I neglected to attribute the two paragraphs in my previous post, they come from the last post of this discussion (which is worth reading!).


----------



## wenus2 (Oct 4, 2011)

interesting link 9mmbhp, thnx for sharing.


----------



## rahimlee54 (Oct 5, 2011)

Anyone have a great cornbread recipe to go with the chile?


----------



## Amon-Rukh (Oct 5, 2011)

My fiancee doesn't eat red meat, so I generally do chili with chunks of chicken instead of beef. Pork sounds good too; I'll have to give that a try some time. 

For cornbread, I usually more or less just follow Alton Brown's recipe: online version here with some basil added.

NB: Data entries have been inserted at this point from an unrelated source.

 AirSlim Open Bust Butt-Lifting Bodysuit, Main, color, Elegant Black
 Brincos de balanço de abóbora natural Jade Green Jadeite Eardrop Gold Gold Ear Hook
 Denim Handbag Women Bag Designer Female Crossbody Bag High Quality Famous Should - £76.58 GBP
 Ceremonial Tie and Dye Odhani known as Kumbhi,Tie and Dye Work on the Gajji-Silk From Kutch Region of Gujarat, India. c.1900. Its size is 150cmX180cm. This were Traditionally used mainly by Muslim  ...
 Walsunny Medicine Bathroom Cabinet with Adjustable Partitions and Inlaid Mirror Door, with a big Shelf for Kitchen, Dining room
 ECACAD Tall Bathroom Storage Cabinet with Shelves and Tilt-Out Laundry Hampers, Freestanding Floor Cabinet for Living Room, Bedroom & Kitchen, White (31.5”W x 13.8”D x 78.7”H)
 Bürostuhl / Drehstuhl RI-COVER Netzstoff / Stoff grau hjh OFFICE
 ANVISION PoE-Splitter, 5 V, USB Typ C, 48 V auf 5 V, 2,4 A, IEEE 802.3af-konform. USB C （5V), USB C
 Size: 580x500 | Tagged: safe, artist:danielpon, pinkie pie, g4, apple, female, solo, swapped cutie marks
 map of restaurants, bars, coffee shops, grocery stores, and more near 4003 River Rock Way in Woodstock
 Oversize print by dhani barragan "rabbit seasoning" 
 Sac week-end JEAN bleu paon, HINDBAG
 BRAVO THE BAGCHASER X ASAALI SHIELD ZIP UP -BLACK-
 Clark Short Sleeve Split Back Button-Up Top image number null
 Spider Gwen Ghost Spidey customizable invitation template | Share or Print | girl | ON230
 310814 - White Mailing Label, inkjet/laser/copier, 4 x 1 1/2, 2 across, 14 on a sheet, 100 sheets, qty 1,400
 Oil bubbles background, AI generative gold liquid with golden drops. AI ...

I like to make my own creamed corn for using in this/eating on its own too.


----------



## bikehunter (Oct 5, 2011)

rahimlee54 said:


> Anyone have a great cornbread recipe to go with the chile?


 
I know you "from scratch" purists will cringe (or those who like "Southern style" cornbread, with no sweetness), but I take an ordinary box of Jiffy cornbread mix, saute some onions, bell pepper and a finely minced jalapeno or serrano, add a little honey (adjust your added liquid). Pour the batter into a greased, preheated 8" cast iron skillet, 400 degree oven. 20 minutes later, you have a tasty, beautifully browned hunk of cornbread that's great with chili, hamhocks and beans, beef stew, or whatever. Not fancy but I really like it.


----------



## SpikeC (Oct 5, 2011)

Add some frozen corn to that and you've got something!


----------



## bikehunter (Oct 5, 2011)

SpikeC said:


> Add some frozen corn to that and you've got something!


 
Oh, damn...thanks. I forgot that. I do use corn.


----------



## Ratton (Oct 5, 2011)

rahimlee54 said:


> Anyone have a great cornbread recipe to go with the chile?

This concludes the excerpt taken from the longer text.